Absurd plays were all very silly, but often went to extremes to prove a point about society.

Absurdist theatre was based on philosophy, non-sensical events and non-logical or legitimate events.

The Theatre of the Absurd was another reaction to the stupidity of war.  Its ideas and its most famous writer, Brekt, wanted theatre to be “a shock treatment for the audience.” He wanted to drench the audience in emotion.  This theatre took its roots from existentialist drama in that it was meant to scare people or start to make them think.

Theatre of the absurd is a wonderful period of works, yet this would not be the kind of play to take your brother or sister who gets antsy at a “normal” play or musical.


A woman by the name of Friske challenged the theatrical syndicate.

Minnie Maddern Fiske
A woman named Minnie opposed the Syndicate.

Minnie Friske

Mme Frisk challenged the Sydicate.
(all of the above refer to Minnie Maddern Fiske, an actress who did indeed challenge the syndicate)

The Shoebrut family stopped the Syndicate
(s/he’s going for the Shubert family here)

With the free expense of radio and the introduction of the first talking picture, audiences began to ween and vaudeville houses began to suffer for it.


Robert Edmund Jones was the head-honcho of new stagecraft.  He tackled unrealistic designs in this form, which created some serious spectacle. 

The new stagecraft was introduced by a man named Edward Raman John. (???)

Shakespeare’s Midsummer Night’s Dream was done in a white box.  This rise of the absurd inspired many others.
(while Peter Brook’s 1870 staging of Midsummer would not seem to belong here, the statement was part of an essay on the New Stagecraft)


The FTP was designed with a fabulous cause in mind.  It revitalized the theatre after WWII, when everthing was dead.

(below, many failed attempts at the living newspaper);
"live newspaper,” “newspaper drama...” “living news,” “the living theatre ; “newspaper lifestyles”, “News dramas”, “News theatre”, “living theatre”
setting for the living newspaper
One-Third of a Nation
The Federal Theatre Project used “headline” or “newspaper” dramas.

The Federal Theatre Project’s new form of drama was the newspaper something

The new form of drama begun by the Federal Theatre Project was existential drama, which looked at life in a different way. Example -- No Exit.

Heidi _____  ran the FTA (Federal Theatre Project).

Mrs.

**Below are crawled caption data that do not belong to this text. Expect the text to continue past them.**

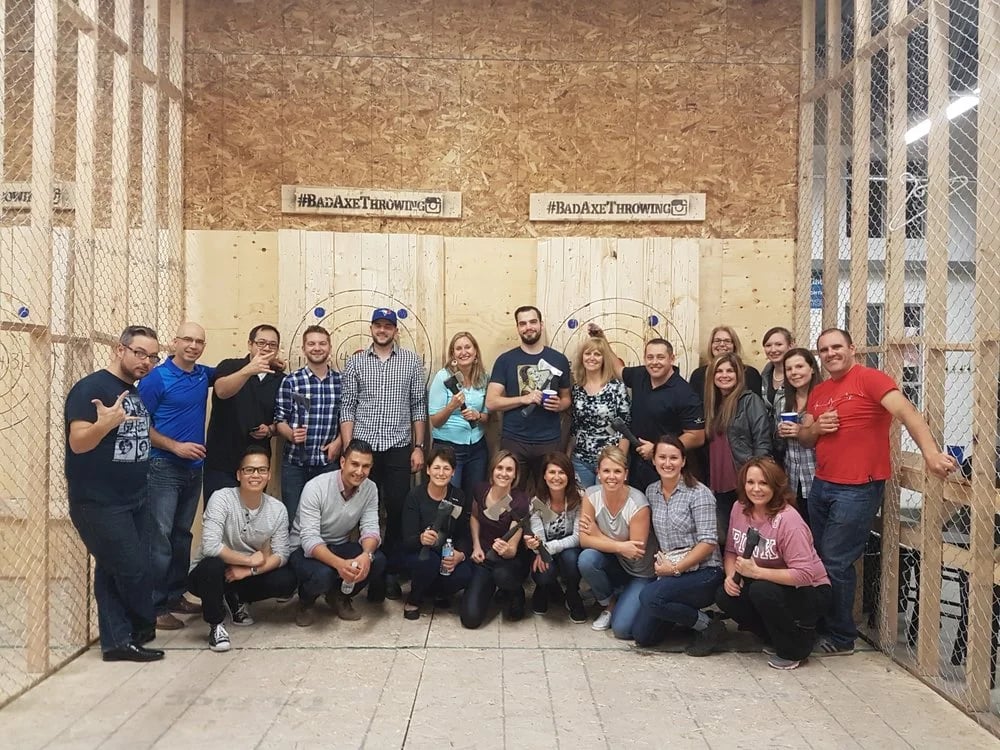 Bad Axe Throwing image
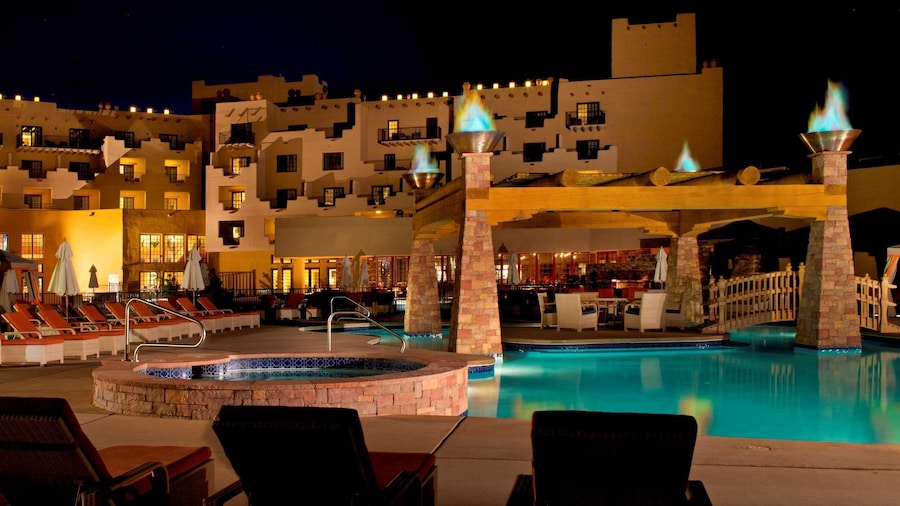 Hilton Santa Fe Buffalo Thunder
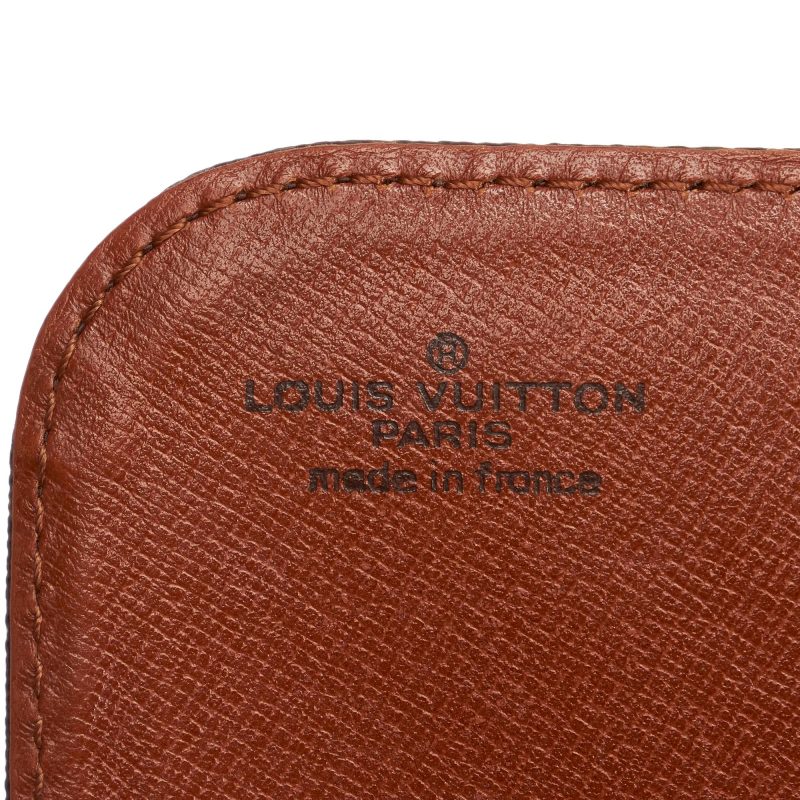 Louis Vuitton Monogram Cartouchiere MM (SHG-36612) - Barde - Image 7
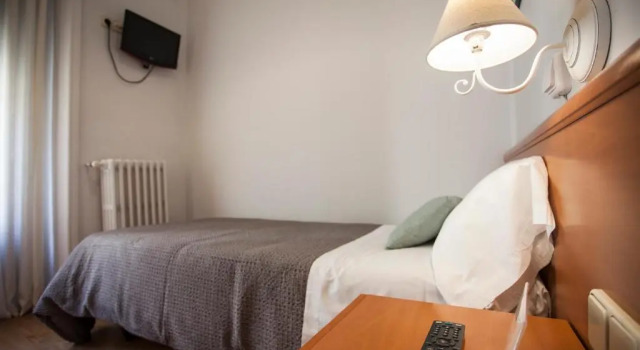 Одноместный номер Standard Hostal Santa Cruz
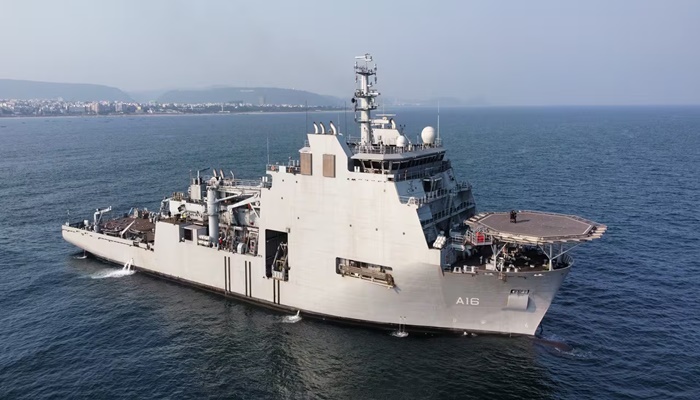 INS Nistar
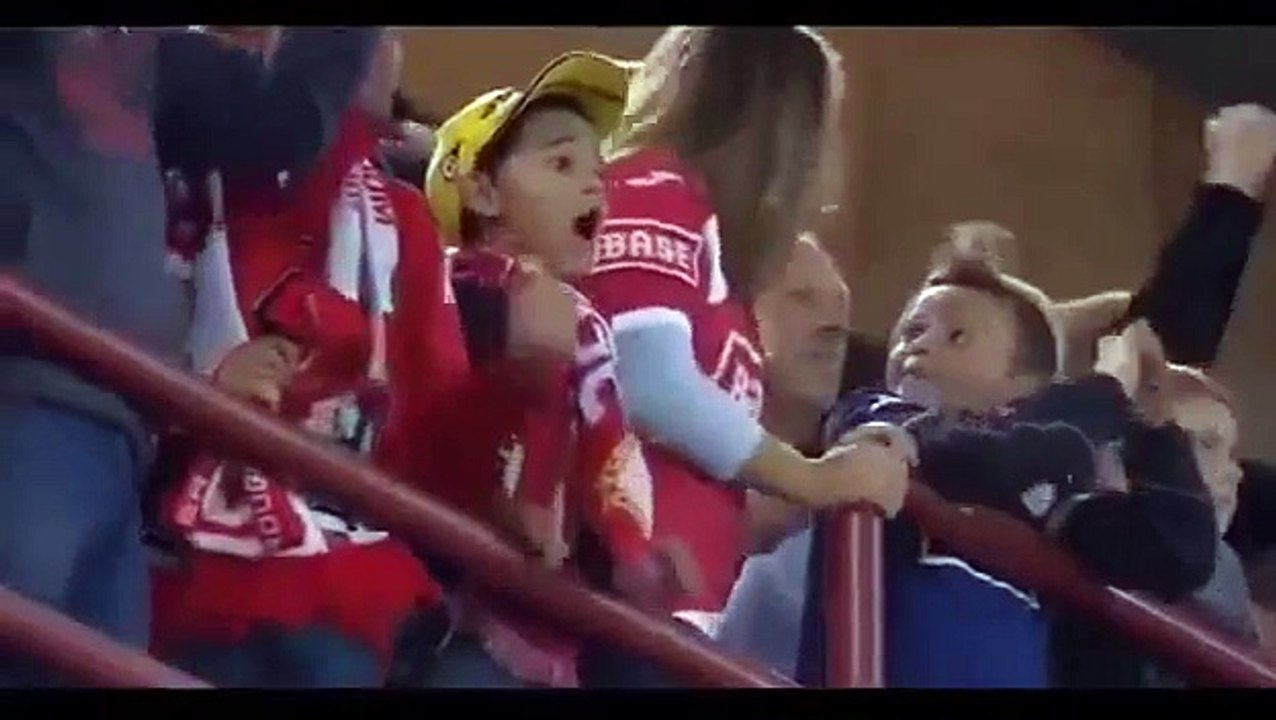 Standard Liege - Molde 3-1. Ivan Santini Goal. Europa League 27/08/2015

Flannigan was the founder of Off-Broadway.

With all the hoopla with the Cold War and the Red Scare the government decided it didn’t need to fund theatre and shut the FTP down.

The House of Un-American Activities Committee

The FTP was unfortunately disbanned after only four years, partly because it was too risque.

Charles Ludlam and many other notable thespians took part in the FTP.

Orson Welles directed the Voodoo Hamlet.


One of the Group Theatre’s plays was The Living Newspaper by Hallie Flanagan.

(students had a hell of a time naming Harold Clurman, Cheryl Crawford and Lee Strasberg, the founders of the Group Theatre):

The Group Theatre was founded by Cheryl ______,  Lee Stravinsky and Cluberman.

Strasberg, Clurman & Crawford
(Cheryl, not Joan!)
The Group Theatre was established by Clurman, Clifford, and Straussbourg.

The Group Theatre was started by Caufman, Hauffman and _______.

The Group Theatre was founded in 1901 by Strasburg, Chapman and ________.

The Group Theatre consisted of Harold Clurman, Joan Crawford, and Lee Straussburg.

Lee Strindberg started the Group Theatre.

(other attempts included):
Ira Strasburg, Lee Stringsburg, Strausberg, Strausburg, Lee Stringbarge, Harry Clenson, Harold Churlin, Hadden, Harold Clerman, Harold Gru___.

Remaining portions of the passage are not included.